土木と言えばこの仕事じゃないでしょうか?
受注した構造物を、自社の技術力を結集して作り上げる仕事をする会社です。
構造物を作るために発注者との協議を繰り返し、現場で実際に作業する職人さんたちをマネジメントしていく仕事です。
若いうちはいろいろな現場を任され、その後に設計分野や技術開発分野に行ったり、現場の責任ある立場として活躍したりします。
スーパーゼネコン
鹿島建設、大成建設、大林組、清水建設
準スーパーゼネコン
五洋建設、西松建設、戸田建設、安藤ハザマ、前田建設工業
建設コンサルタント
ゼネコンが工事を受注する一方で、建設コンサルタントは構造物設計を受注します。
場合によっては研究開発や解析、技術基準の作成なども任せられる、専門知識が必要になる仕事と言えるでしょう。
多くの場合自らの持つ専門知識を活かして仕事をするため、発注者に対して技術的なアドバイスや解析結果の提示をします。

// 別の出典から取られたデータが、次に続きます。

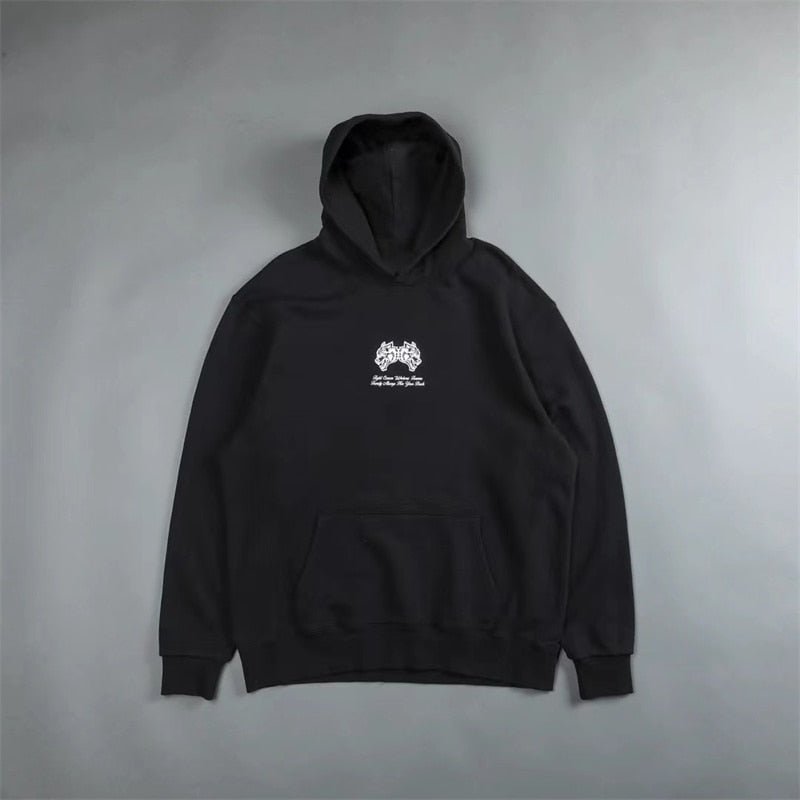 DARC SPORT WOLVES Men And Women Hooded Casual Sweatshirts Fleece Cotton Track Warm Hip Hop Sweater Loose Pullover Tops Oversize - Yallafit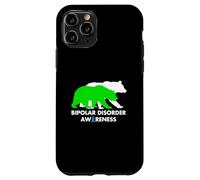 Bipolar Bear Disorder Awareness Mental Health Pun Case for iPhone 11 Pro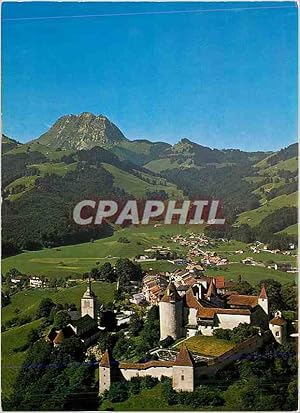 Carte Postale Moderne Gruyere son château et le Moleson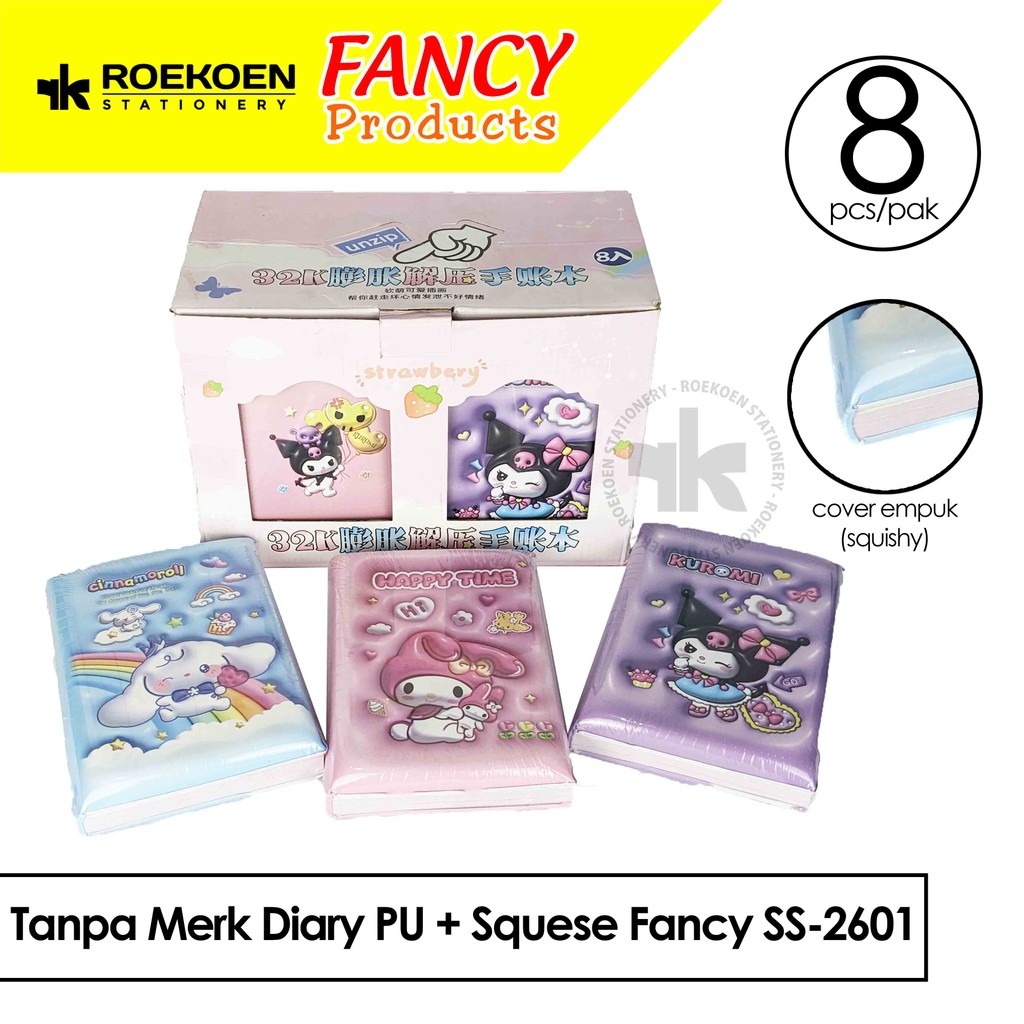 

Tanpa Merk Diary PU + Squese Fancy SS-2601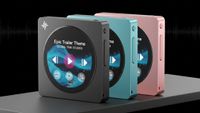 FiiO Snowsky Disc portable music player in black, teal and pink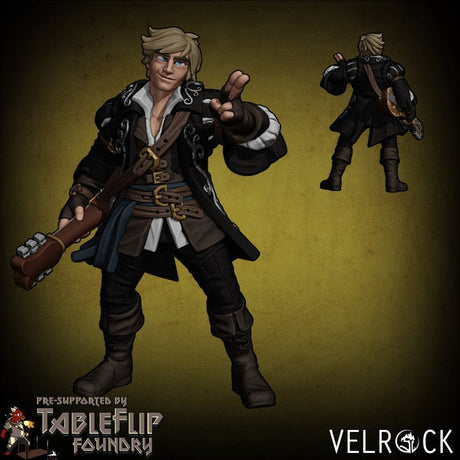 Dead Wars Heroes Player Miniature | F - Tabletop RPG & D&D miniature. Perfect for wargaming & collectors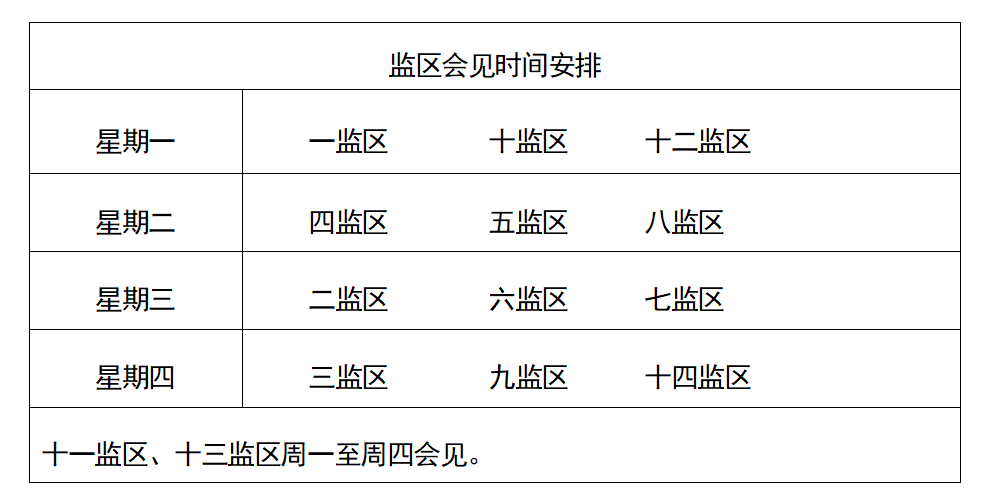 图片[2]-山东省女子监狱关于会见问题的说明（2025年1月），山东省女子监狱1月份会见安排-家书速递|在线寄信|网上寄信|寄信软件|监狱寄信|看守所寄信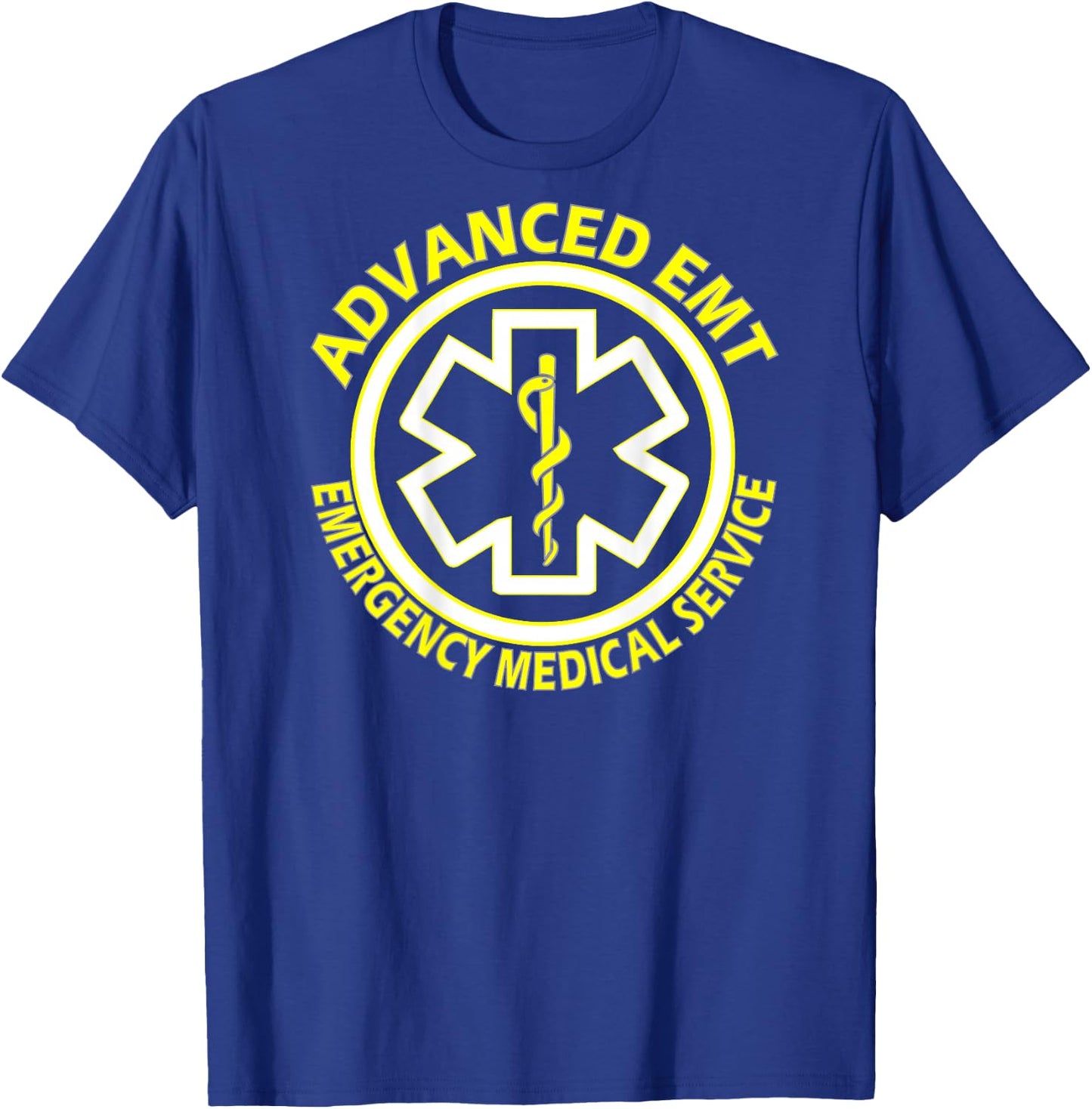 Advanced emergency medical technicians (AEMT) Kit Back Print T-Shirt - T-Shirt | Royal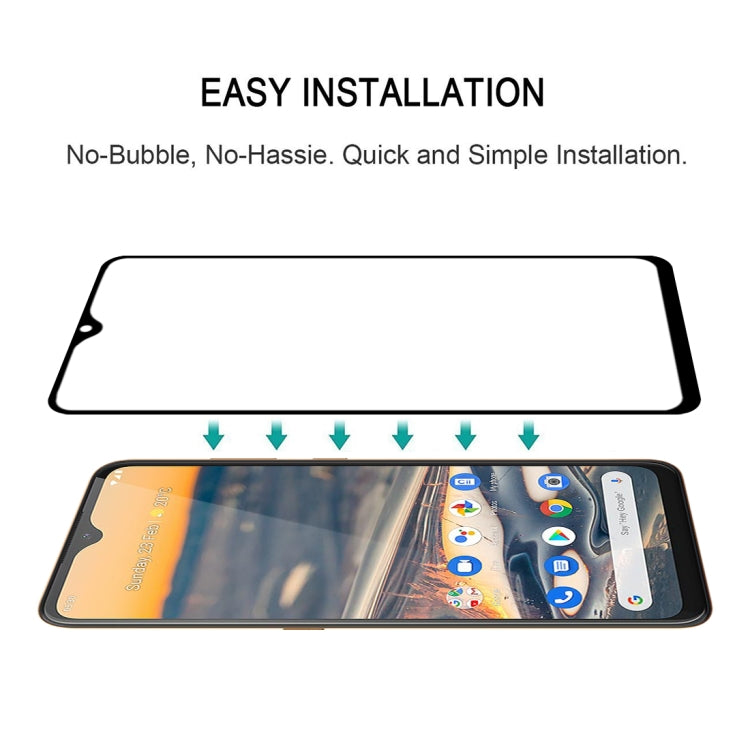 For Nokia 5.3 Full Glue Full Screen Tempered Glass Film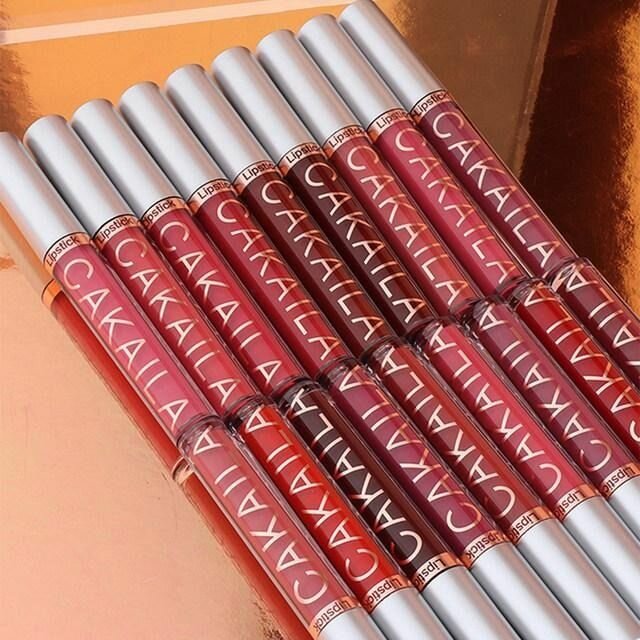 6 pcs rouge à lèvres Mat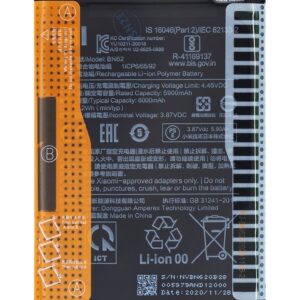 BN62 Xiaomi Original Baterie 6000mAh (Service Pack)
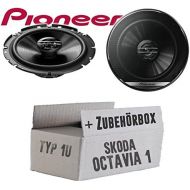 Pioneer TS G1720F Speaker Boxes 16.5 cm 2 Way Coaxial Speaker Car Installation Kit Installation Kit for Skoda Octavia 1 1U Front Just Sound Best Choice for Car Audio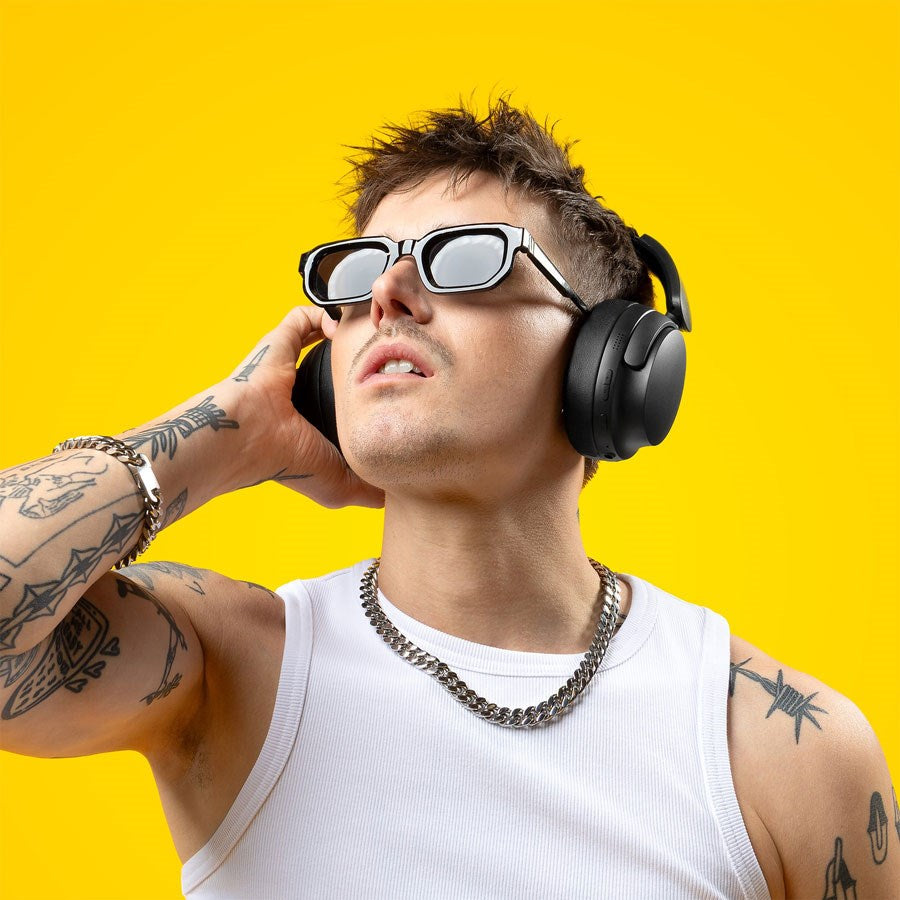 STELLAR BLACK Niceboy Stellar ANC Headphones, Onyx Black 5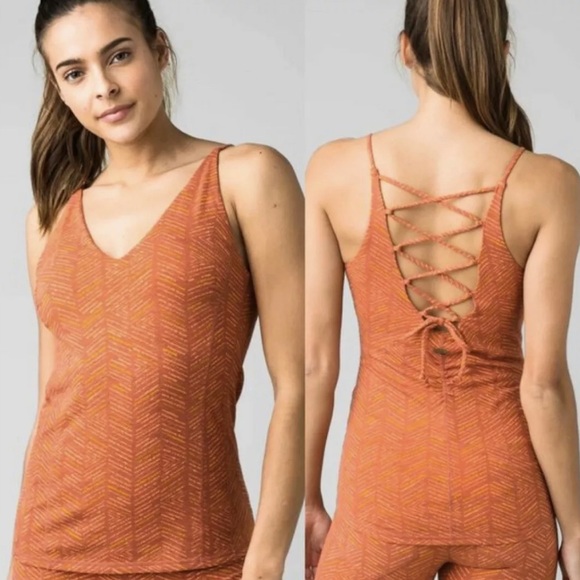 Prana Arrowland Tank Top in Liqueur Sketch - Picture 1 of 10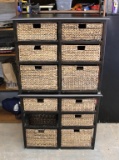 Two Wicker Basket Shelves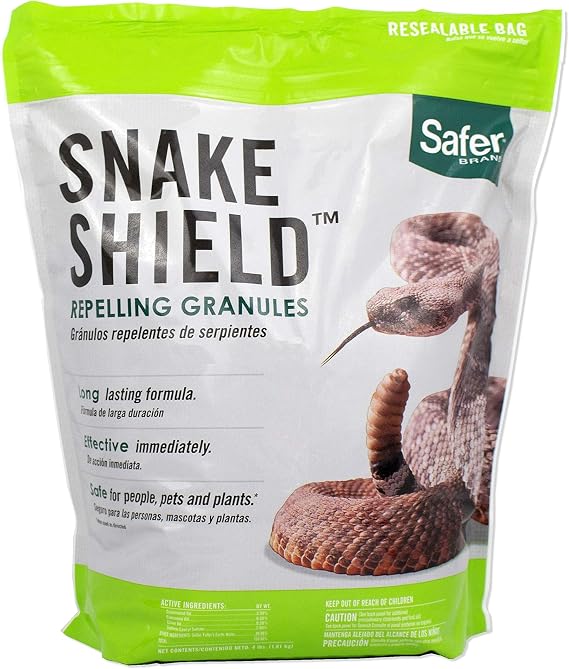 Safer 5951 Snakes Shield Granular Repellent - Outdoor Snake Repelling Granules 4LB Snake Shield Repellent - Repels Againts Poisonous and Non-Poisonous Snakes 64 Ounce (Pack of 6)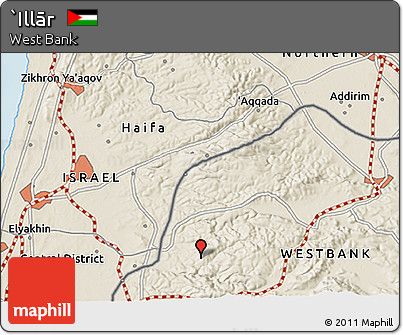 Shaded Relief 3D Map of `Illār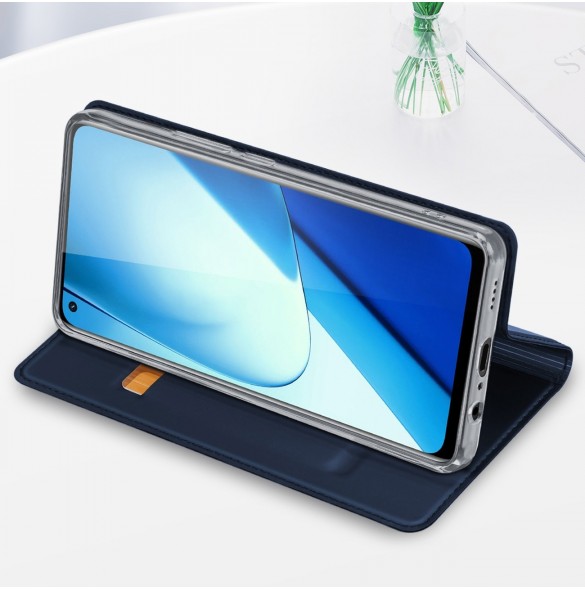 Dux Ducis Skin Pro Case Realme 11 Flip Card Plånboksställ Svart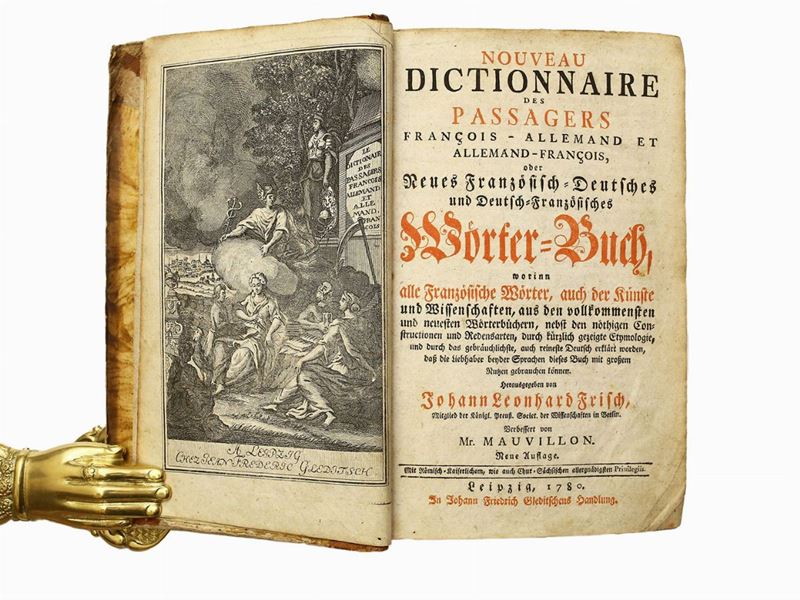 Johann Leonhard Frisch - Nouveau Dictionnaire Des Passagers François-allemand Et Allemand-françoi...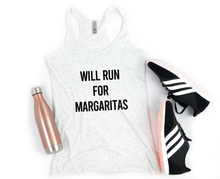 Load image into Gallery viewer, Will Run For Margaritas - Racerback Tank - Gym Babe Apparel
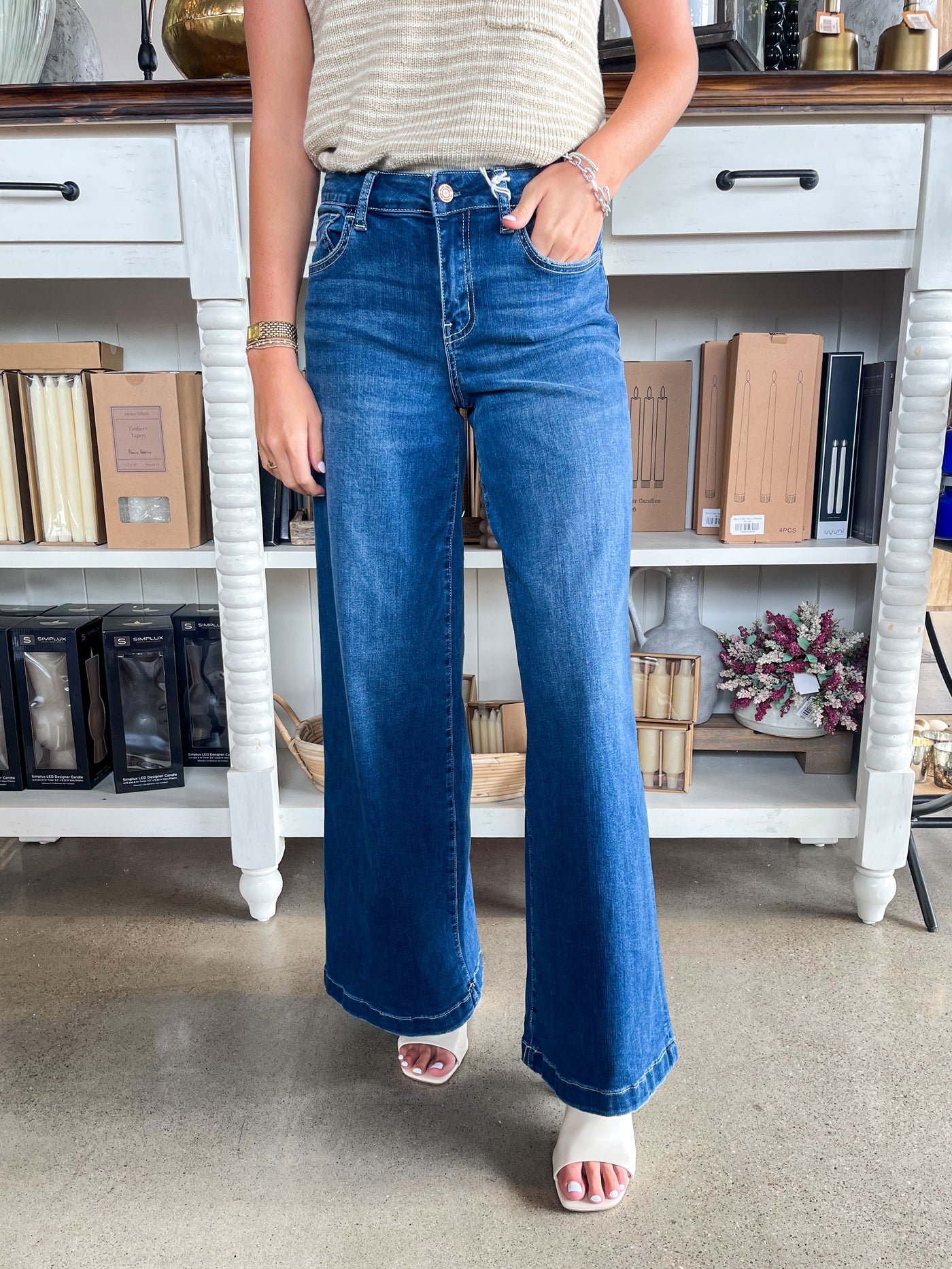 Vervet Mid Rise Palazzo Jean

専門知識のほか、専門的な内容をわかりやすく伝えるプレゼン能力も求められる仕事でもあります。
建設コンサルタント会社
日本工営、建設技術研究所、パシフィックコンサルタンツ、オリエンタルコンサルタンツ、中央復建コンサルタンツなど
その他
分類の難しいものをこちらにまとめてみます。
前述の会社もそうなのですが、ここで挙げている会社は特に様々な仕事を行っているため、一概に分類できるわけではないですが、大まかにいうとこのような分類であると思ってください。
鉄鋼メーカー
新日鉄住金、JFEスチールなど
プラント
新日鉄住金エンジニアリング、JFEエンジニアリングなど
研究所
土木研究所、鉄道総合技術研究所、高速道路総合技術研究所など
まとめ
土木技術者として活躍できる就職先として有名なところを挙げて来ました。
ここに書いた会社はとても大きく、素晴らしい会社ばかりです。でも、就職したい会社を探すときには、素晴らしい会社は他にもあるので、広い視野で探してみてください。
就職活動を行う人にとっては、同じような業種でも、規模や得意分野や組織風土が違ったり、住む場所はどうなるか、肌に会うか会わないか、など、悩むことが多いと思います。
そんな人は、実際に働いている人や学生時代の先輩など、他の人と話してみるなどして、考えを巡らせましょう。
自分がどうなりたいかしっかりと考えて、自分が関わりたい分野で、社会での活躍を目指してください!